El misterio de Jesucristo consiste en ese encontrarse a la vez verdaderamente, como pura realidad creada, a ambos lados del límite existente entre Dios y la criatura. Es verdaderamente hombre, es decir, tiene en sentido propio una realidad humana, una vida humana y una historia (una naturaleza humana) en la que la palabra de Dios se nos dice, se nos manifiesta, de manera que, con toda verdad, al captar esa humanidad captamos y comprendemos algo de Dios. Es a la vez, Dios verdadero, es decir, el Verbo divino en el cual el Dios, sin principio (el Padre) comunicando su propia esencia divina (en una plena expresión que constituye una persona divina y no se orienta hacia una mera criatura), se dice a sí mismo (el Hijo).
Por ello es Él mismo, la segunda persona de la Santísima Trinidad, quien existe como Dios en la esencia divina que el Padre le comunica, y en la naturaleza humana recibida de María virgen en el tiempo.
2. María es la madre virgen de Jesús. Esta relación no debemos entenderla en el sentido estricto de una conexión meramente física. María en el «sí» de su fe, «sí» libre que la gracia de Dios le otorgó, ha concedido para nosotros al Hijo de Dios y en sus entrañas le ha dado la existencia terrena mediante la cual podrá constituirse miembro de la nueva raza humana y de esta forma, ser su Redentor (Mt 1, 1823; Lc 1, 26-38). Por razón de la unión hipostática del Hijo de Dios con lo humano recibido de María, ésta es en realidad la «madre del Señor» (Lc 1, 43), madre de Dios (concilio de Éfeso, 431).

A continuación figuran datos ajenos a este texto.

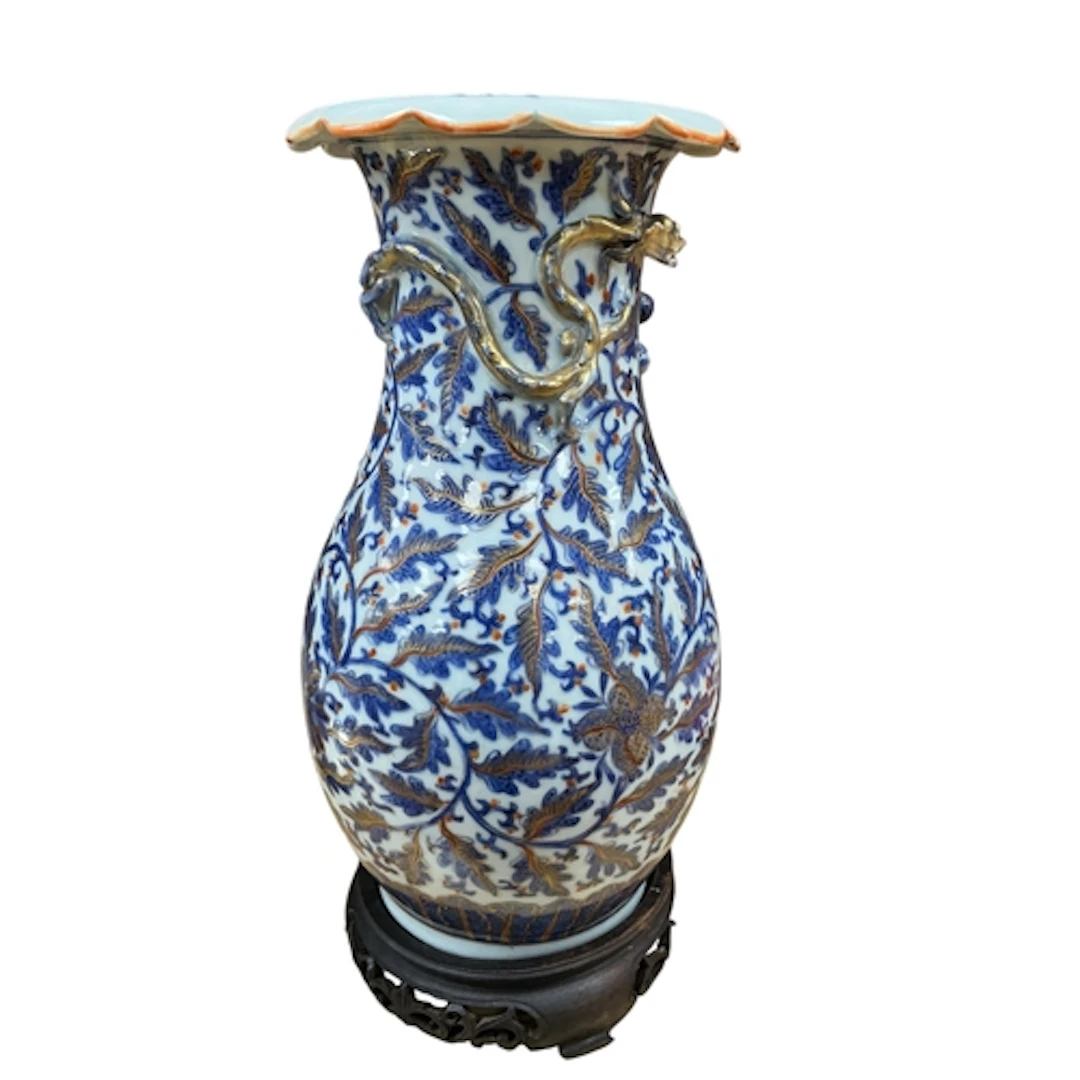 A 19th century Chinese porcelain baluster vase with relief m...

En María, esta maternidad divina es obra de su fe (Lc 1, 45; 11, 27ss) y no es, por tanto, un simple proceso biológico; obra de fe que no es pura y simplemente un hecho de historia particular, sino que es la realización de su maternidad divina, y por consiguiente, el acontecimiento central de la historia general de la salvación, considerada como tal y en su conjunto, puesto que la maternidad divina (en cuanto recepción libremente aceptada) se verifica por parte de Dios, por su gracia, en el hecho de recibir María, por la encarnación, la gracia de Dios que viene al mundo, y por parte del hombre, una auténtica cooperación con Dios.